He traces Conan Doyle's plans for his hero, first called Sherrinford Holmes and his friend, initially Ormond Sacker, from conception through to first appearance in Beeton's Christmas Annual for 1887.
"That lurid paper-back of Christmas 1887 is today one of the rarest books of modern times—a keystone sought by discriminating collectors in every part of the earth."
If memory serves, Starrett owned three different copies during various times of his life!
"Mr. Holmes of Baker Street"
Real Detective, December 1932, pages 50-53+
If Atlantic Monthly was the high brow outlet for Starrett’s Holmesian explorations, Real Detective was the opposite: a pulp magazine that specialized in racy covers, raucous revelations of sex and drugs, and an almost inexhaustible supply of exclamation marks. (“14 Hours in Hell!” and “Riot and Terror in a Flaming Prison!” are just a few from the cover of the December issue).
The magazine had gone through several name changes and editorial transformations over the years. Originally an outlet for fictional mystery and detective stories, Real Detective had become by the early 1930s a scandal sheet, with the occasional fictional tale still mixed in.

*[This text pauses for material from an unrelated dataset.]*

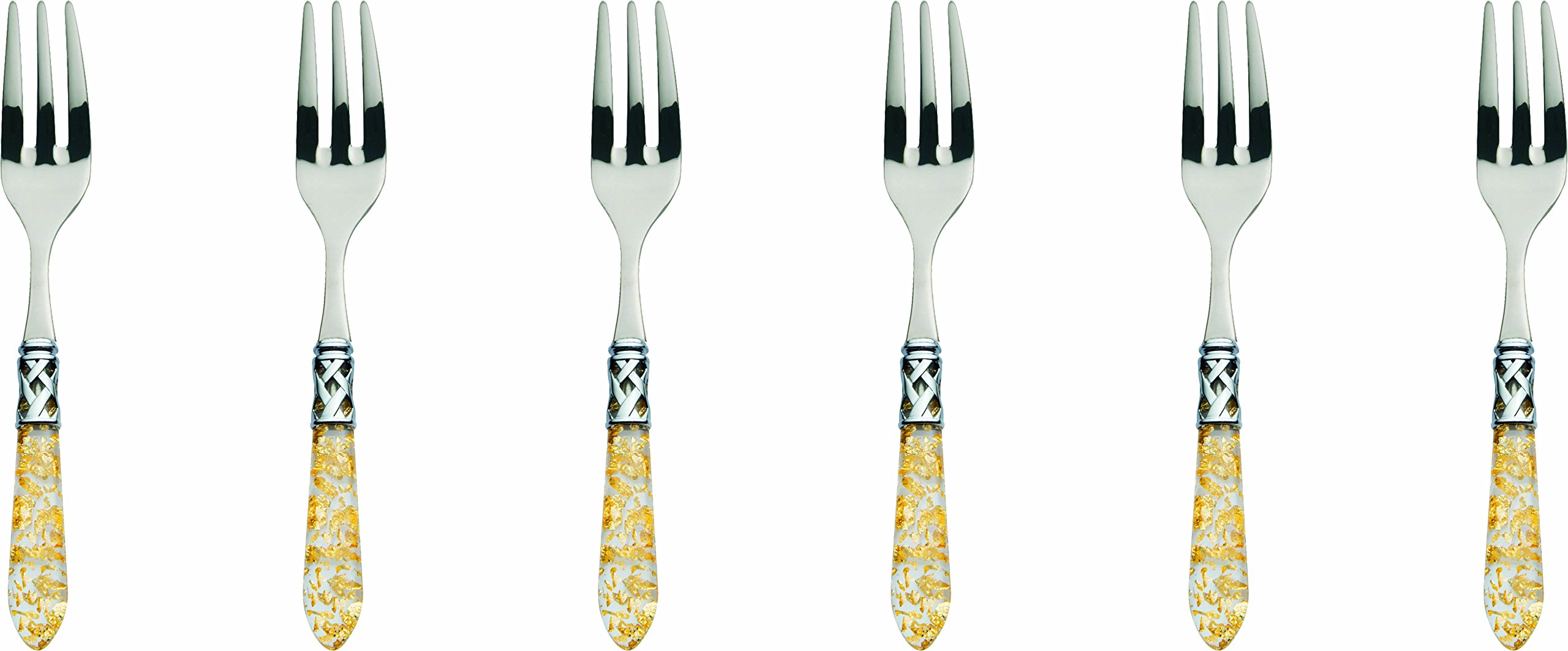 Casa Bugatti ALC1G-N4217 Aladdin Gold - Juego de 6 tenedores (mango de plata)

“Mr. Holmes of Baker Street,” was an odd bit to include here and feels sedate and quaint bumping shoulders with “The Scandals of Hollywood,” and “I Am a ‘Slave’: The Tragic Confession of a Girl who ‘Went Wrong.' ” Starrett's article however would become one of the most beloved of those in Private Life, bringing together his nostalgic affection for the late Victorian era and the research of Dr. Gray Chandler Briggs, a fellow Holmes enthusiast.

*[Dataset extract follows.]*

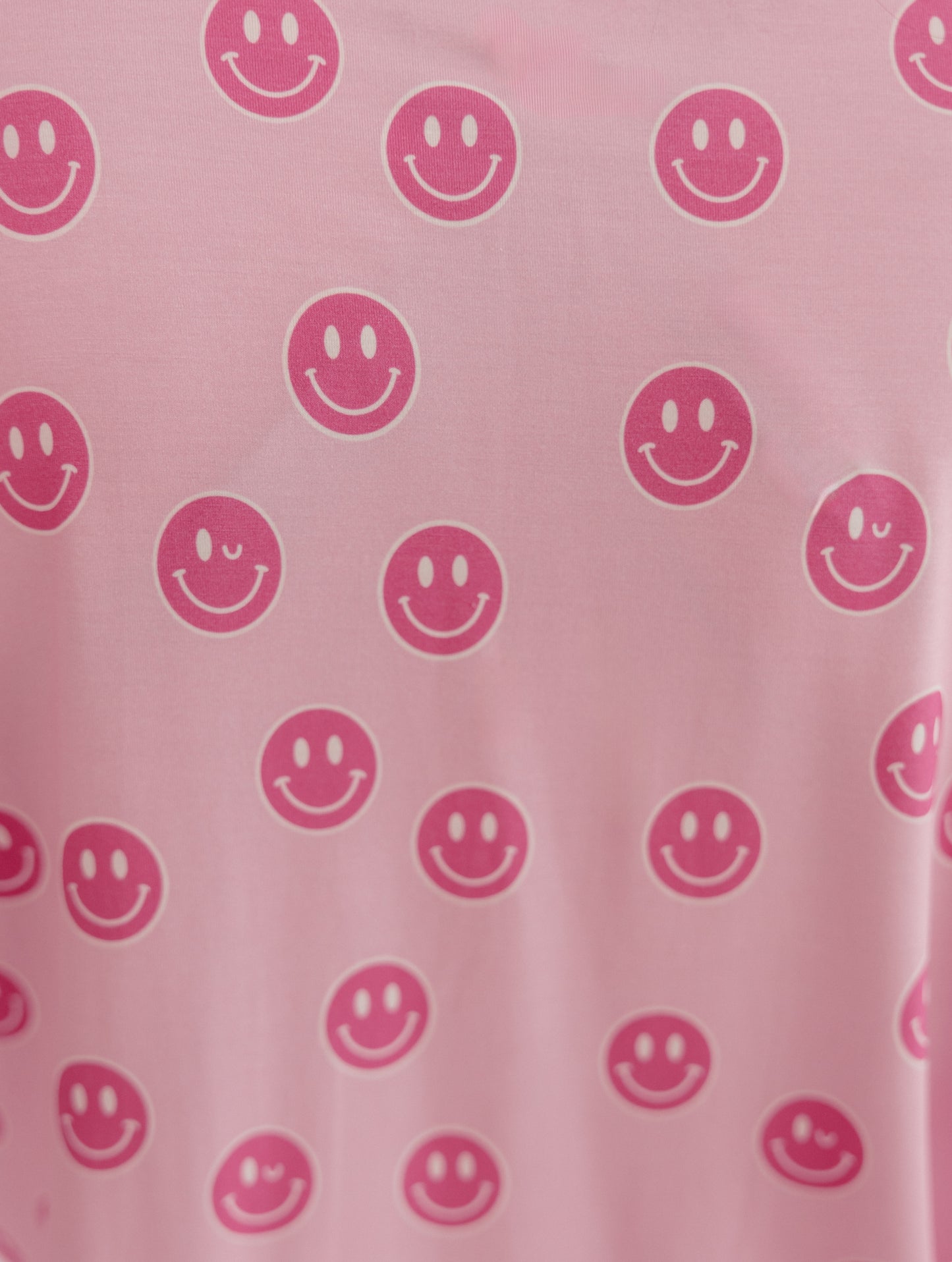 Adult Satin Bonnet in Pink Smileys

"Thus, then, one sees the rooms in Baker Street, and somewhere on the premises a dressing gown. … And Watson, too, is there within the rooms, as much a fixture as the detective himself. That solid, English figure …must be forever the second figure in the immemorial tableau…"
"Thus they lived — and the old building is there, says Dr. Briggs, to prove it. Sherlock Holmes and Baker Street!"

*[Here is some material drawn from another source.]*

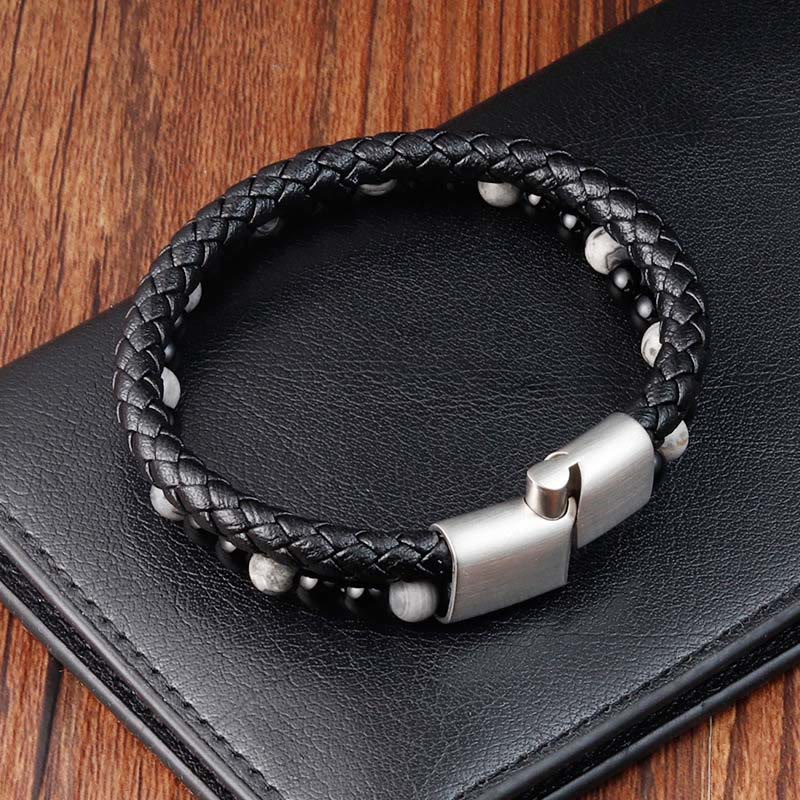 Nimara Ritual Black Onyx Grey Jasper Titanium Steel Stability Leather Bracelet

You can find out more about Starrett and Real Detective in this article published in the Autumn 2007 issue of The Baker Street Journal.
And you can see more of the great covers from Real Detective here.
“The Real Sherlock Holmes”
The Golden Book, December 1930, pages 81-84; Reader’s Digest, January 1931, pages 823-827.
We talked about this article’s appearance in The Golden Book last time. So let’s say a few words about Reader’s Digest.
“The Real Sherlock Holmes” was the first time Starrett’s work appeared in this stalwart magazine of the 20th century, a favorite of doctor office waiting rooms and grandma’s purses.
Founded in 1922, Reader's Digest offered abbreviated versions of articles found in other magazines. Wholesome and conservative, the magazine had an impressive circulation of 300,000 by the time Starrett’s piece was published in 1931. Reader’s Digest was staple-bound in those days, with the table of contents on its cover. The digest size made it easy to slip into a commuter’s suitcoat pocket.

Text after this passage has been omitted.